Analyzing a string before Burrows-Wheeler transform?

214 Views Asked by At

If we consider this aaabccba as our input string, baaacacb would be the output string after applying Burrows-Wheeler transform on the input. observing the output you'll see that the two clumped c are separated. It's clear, the input string will result in a better compression than the output.

How to decide whether or not to apply Burrows-Wheeler transform on an input string ? Can we do some sort of fast analysis to make a decision ?

2

There are 2 best solutions below

0
On

Just try to compress it with something much faster than BWT, e.g. lz4, and see how much it compresses.
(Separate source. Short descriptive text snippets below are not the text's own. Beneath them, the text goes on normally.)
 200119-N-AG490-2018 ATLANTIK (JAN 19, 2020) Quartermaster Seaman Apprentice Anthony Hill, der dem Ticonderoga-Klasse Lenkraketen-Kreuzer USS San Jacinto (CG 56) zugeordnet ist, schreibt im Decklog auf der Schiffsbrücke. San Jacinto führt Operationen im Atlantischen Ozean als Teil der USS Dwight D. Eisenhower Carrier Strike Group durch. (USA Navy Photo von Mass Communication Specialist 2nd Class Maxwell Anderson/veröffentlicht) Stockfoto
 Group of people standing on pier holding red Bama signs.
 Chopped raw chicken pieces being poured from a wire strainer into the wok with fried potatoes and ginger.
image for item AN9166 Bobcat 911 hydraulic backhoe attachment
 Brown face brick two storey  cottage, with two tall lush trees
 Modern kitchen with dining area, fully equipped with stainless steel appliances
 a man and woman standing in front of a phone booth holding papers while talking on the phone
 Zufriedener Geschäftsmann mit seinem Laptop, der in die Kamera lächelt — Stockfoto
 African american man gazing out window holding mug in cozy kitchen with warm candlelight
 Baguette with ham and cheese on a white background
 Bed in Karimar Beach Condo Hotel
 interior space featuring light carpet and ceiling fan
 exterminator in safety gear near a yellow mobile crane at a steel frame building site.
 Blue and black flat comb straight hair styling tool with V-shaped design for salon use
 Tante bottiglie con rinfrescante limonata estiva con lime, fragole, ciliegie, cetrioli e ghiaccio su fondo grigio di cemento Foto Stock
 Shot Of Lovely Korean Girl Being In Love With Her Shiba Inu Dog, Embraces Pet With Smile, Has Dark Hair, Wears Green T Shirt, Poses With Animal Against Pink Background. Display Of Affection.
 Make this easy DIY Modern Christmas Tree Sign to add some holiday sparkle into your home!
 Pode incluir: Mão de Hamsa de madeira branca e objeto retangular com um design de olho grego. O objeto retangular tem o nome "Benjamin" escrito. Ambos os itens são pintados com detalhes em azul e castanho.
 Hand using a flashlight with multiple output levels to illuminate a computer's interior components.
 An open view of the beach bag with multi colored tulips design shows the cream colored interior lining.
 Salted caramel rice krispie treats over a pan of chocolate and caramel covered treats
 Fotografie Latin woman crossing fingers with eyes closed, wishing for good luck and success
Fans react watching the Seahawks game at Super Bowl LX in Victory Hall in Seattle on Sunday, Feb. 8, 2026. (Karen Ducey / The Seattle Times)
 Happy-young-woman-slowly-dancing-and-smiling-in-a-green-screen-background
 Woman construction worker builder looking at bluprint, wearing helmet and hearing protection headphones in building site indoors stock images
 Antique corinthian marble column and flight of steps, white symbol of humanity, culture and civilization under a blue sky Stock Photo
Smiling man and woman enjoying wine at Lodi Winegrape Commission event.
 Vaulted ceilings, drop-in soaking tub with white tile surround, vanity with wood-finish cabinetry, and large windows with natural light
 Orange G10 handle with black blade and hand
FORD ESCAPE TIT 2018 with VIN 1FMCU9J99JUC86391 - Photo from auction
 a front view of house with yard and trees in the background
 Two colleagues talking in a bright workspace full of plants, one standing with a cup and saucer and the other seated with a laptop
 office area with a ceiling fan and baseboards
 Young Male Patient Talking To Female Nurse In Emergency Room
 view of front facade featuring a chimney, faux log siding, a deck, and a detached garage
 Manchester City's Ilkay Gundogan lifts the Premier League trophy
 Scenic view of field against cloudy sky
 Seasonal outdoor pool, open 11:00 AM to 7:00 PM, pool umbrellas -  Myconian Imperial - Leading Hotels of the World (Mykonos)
You can then through experiment set a threshold on that ratio above which to apply BWT, based on whatever criteria you derive for your application.

0
On

The simplest solution would be to actually compress each string, and see which results in the smallest compression.

If you don't want to do that, you could count the lengths of each group:

aaabccba -> aaa b cc b a

    aaa has length 3
    b has length 1
    cc has length 2
    b has length 1
    a has length 1

    there where 3 groups of length 1
    there where 1 group of length 2
    there where 1 group of length 3
                ^

    -> [3, 1, 1]
baaacacb -> b aaa c a c b

    b has length 1
    aaa has length 3
    c has length 1
    a has length 1
    c has length 1
    b has length 1

    there where 5 groups of length 1
    there where 0 groups of length 2
    there where 1 group of length 3
                ^

    -> [5, 0, 1]
  • Compare the lists lexicographically: 3 < 5 so [3, 1, 1] < [5, 0, 1] — Pick the smallest one.

  • Alternatively, you could reverse the lists: [1, 1, 3] > [1, 0, 5] — Pick the largest one.

  • Another way to compare them, would be the total count: 3+1+1=5 < 5+0+1=6. — Pick the one with smaller sum.